The reason that many people of faith revere saints is to provide them with role models—good examples of Christians living a life of faith.  St. Stephen is certainly a good role model for all of us, because:

  1. He preaches with power, wisdom, and courage; in the face of fierce opposition.  He had to know that what he was saying could lead to his execution. Yet, he courageously pressed on.
  2. As Stephen is dying, he asks God to forgive his enemies.  I cannot imagine doing this, while big rocks are hitting my head and body.  Stephen most definitely was filled with the power of the Holy Spirit.  I pray that if I am ever in a similar situation, that the Holy Spirit comes to my aid. 

It is the Holy Spirit in action that does the work here.  We all have just as much access to the Holy Spirit as St. Stephen.  Let’s put our trust in God, to come to our aid, when the going gets tough.

 

FOOD FOR THOUGHT

How can we be more like Steven, sharing the Good News with those around us?
 

1 PETER 2:2-10

THE BACKGROUND

Peter is writing this to a group of new Christians.  Imagine this being read or told to you right after you accepted Jesus as your savior. This might be the sermon that was preached at your baptism. 
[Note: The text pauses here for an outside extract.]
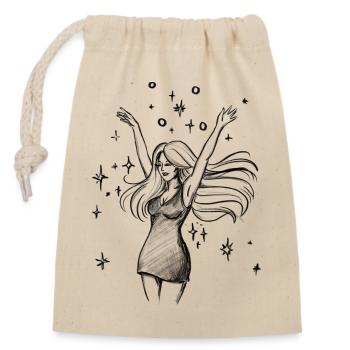 Autonomisation de la femme dansante - Illustration - Sac cadeau en coton avec cordon (14 x 20 cm) - nature - Devant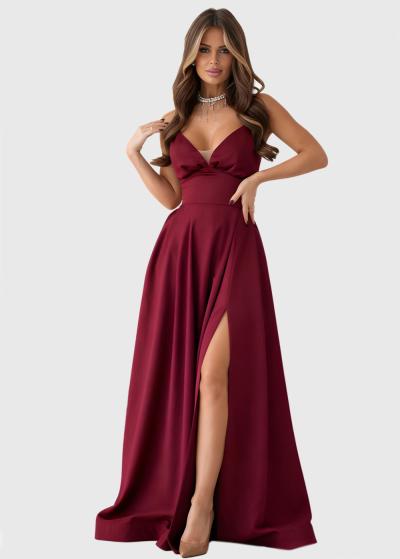 Esmeralda bordo long evening dress with split - back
First, we need a vocabulary lesson.

  • STONES:  Cut stone was the basic building material of Jesus’ time. All buildings were made of stone. Wood was only used for roofs and doors. The building that Peter is referring to is the temple in Jerusalem—God’s house, which was built of stone.
  • PRIESTS:  Priests, at this time, were the religious leaders of the people.  Today, at least in most Protestant circles, we do not use this word.  Instead, think “preacher” or “spiritual leader”, when you see this word. 
  • LIGHT:  In this instance, it refers to God’s presence.  Remember Jesus at the Transfiguration, being dazzling white. Also in Revelation 1:16, Jesus face is shining like the sun, to signify his holy radiance.

 

THE DETAIL

  • Just like last week, I like to replace the “if” in verse three with “since”.  We know that Peter is talking to new believers.  That said, he says that since they have tasted the goodness of the Lord (and become baptized Christians), they need to be fed with “spiritual
  • Peter calls us Christians “living stones”.  In his day, buildings and temples were built of stone.  Peter states that the true church is no longer built of stones, but of living people. This was a radical statement. When we say that we are going to church, we usually are referring to the building.  But Peter reminds us that the church is really not the building, but the people who gather inside that building.  (vv. 4-5)
  • Peter quotes scripture, calling Jesus our cornerstone.  Our temple is built upon the foundation of Jesus.  (vv. 6-8)
  • Now, Peter turns to the reader, reminding us that we are special.  We are precious in God’s eyes.  We have been called out of the darkness of our sinful lives to live in the light of Jesus. (vv. 9-10)

 

THE TAKEAWAY

When you build a house, you start with a corner.  Back then, you placed a cornerstone, and the rest of the building was built from, and measured off of this stone.  Today, we drive some stakes, and lay out strings, but we still start from a corner. This corner must be perfect, if we want to construct a perfect building.  Peter tells us that Jesus is our perfect cornerstone.  Everything we do is measured off of his life, death, and resurrection.  The church of Jesus is built upon this perfect stone.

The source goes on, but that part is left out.